Am I truly ruining their lives and relationships with extended family by not forcing them to exchange pleasantries with people who don’t know them, or really even want to know what is going on in their lives?  When I say that, I don’t mean to disparage anyone.

I mean that the typical family gathering is about restraint and skimming the surface of life. Is this something that is for the “Greater Good”? Am I missing something?  This is a real question. Can I say any of this without fear of judgment and ridicule from others and myself? Do I overthink things? Yes. Is what I am saying true? Yes.

Welcome to my personal Holiday Season hell.  

I think that my inability to come to terms with shallow relationships makes for a poor “Goer to Gatherings.”  Let’s not even get into the sensory overload and clashing of sensory needs in my little family and extended family.  Holy Christmas Balls.

You know how when you’ve gone to great lengths to unmask as much as you are able, putting the mask back on is like going to prison for something you didn’t do.  Am I exaggerating? Slightly, but still.  I think part of the trouble for me lies in the immense amount of time I have forced myself into a box that doesn’t fit all of me, and parts start to show and spill over the edge at times when I can feel the people around me cringing and wishing I’d just smile more and tell them I’m fine.  

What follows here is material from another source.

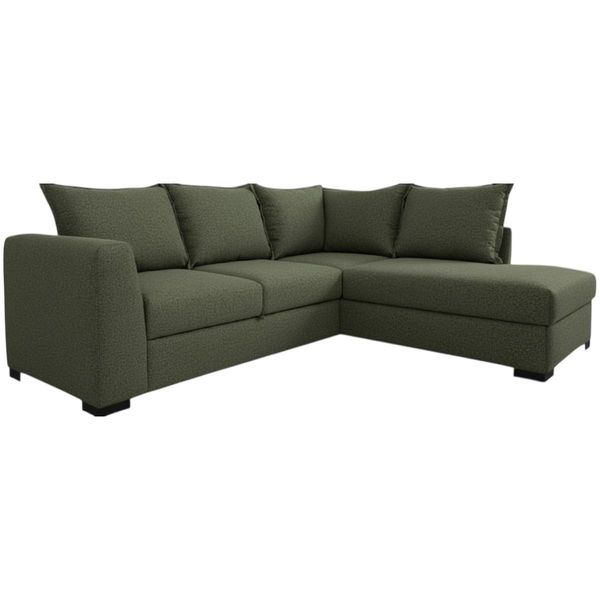 Hovedbilde Minchi Hjørnesofa 241cm x 205cm m/åpen ende ...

Again, I could be wrong, but the quickness with which I watch people change the subject or walk away while I am floundering in the funneling of my inward emotional and mental panic into words makes me think that something is up.  Am I too much of what they weren’t wanting and not enough of what they were wanting? Am I spiraling? Yes. Should I have stayed home? Probably.  Was my physical presence meaningful at this gathering? Questionable.

So, let’s say we stay home.  We retreat to our usual spaces after an attempt at watching a movie together for 20 minutes.  I am assaulted by an avalanche of thoughts of failure and loneliness. It is November 8th as I write this.  This is me trying to “Cope Ahead,” trying to fix, to avoid, to make something good out of expectations that make me feel bad.  

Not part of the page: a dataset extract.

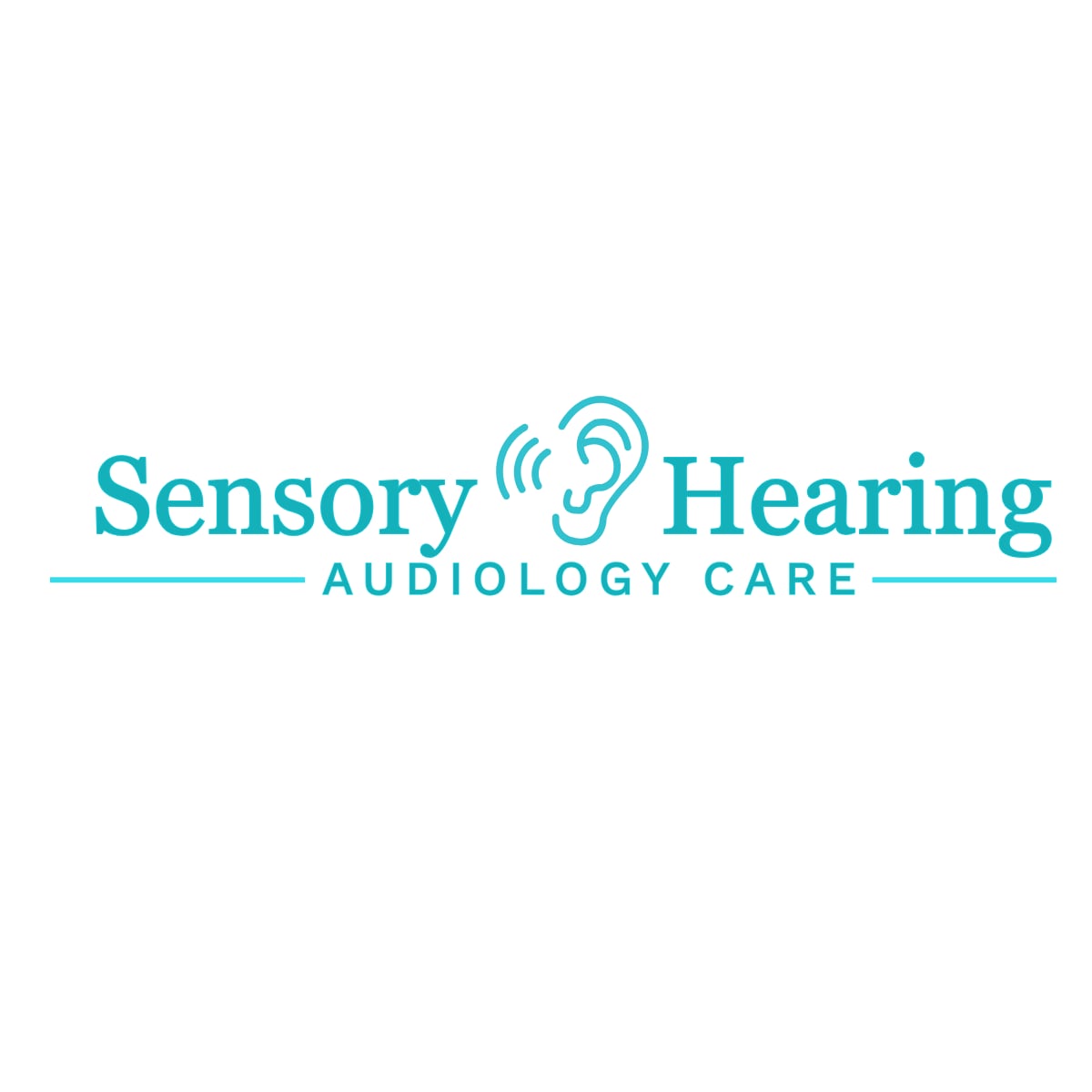 Audiologist Logo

You are really reading my thought processes concerning extended family relationships and dynamics as they interplay with cultural expectations for this coming season. This is what an emotionally flooded brain is like.  It’s like pouring water on a grease fire.

You know what sounds beautiful to me?  You know what makes me cry because it would be so gracious and the best thing I can think of?  Just taking each of my children on a separate date to look at Christmas lights . . . to just drive and talk or listen to their favorite songs.  

That’s special, right?

That could be something precious they could hold onto? Those quiet and holy moments of being at peace together.  If I could think of a gift I would want to receive, it would be similar.  I mean, if I am honest, which I am uncomfortably so, it would feel scary and weird and so very intimate and potentially healing if my heart and mind were tended to in such fashion by a family member.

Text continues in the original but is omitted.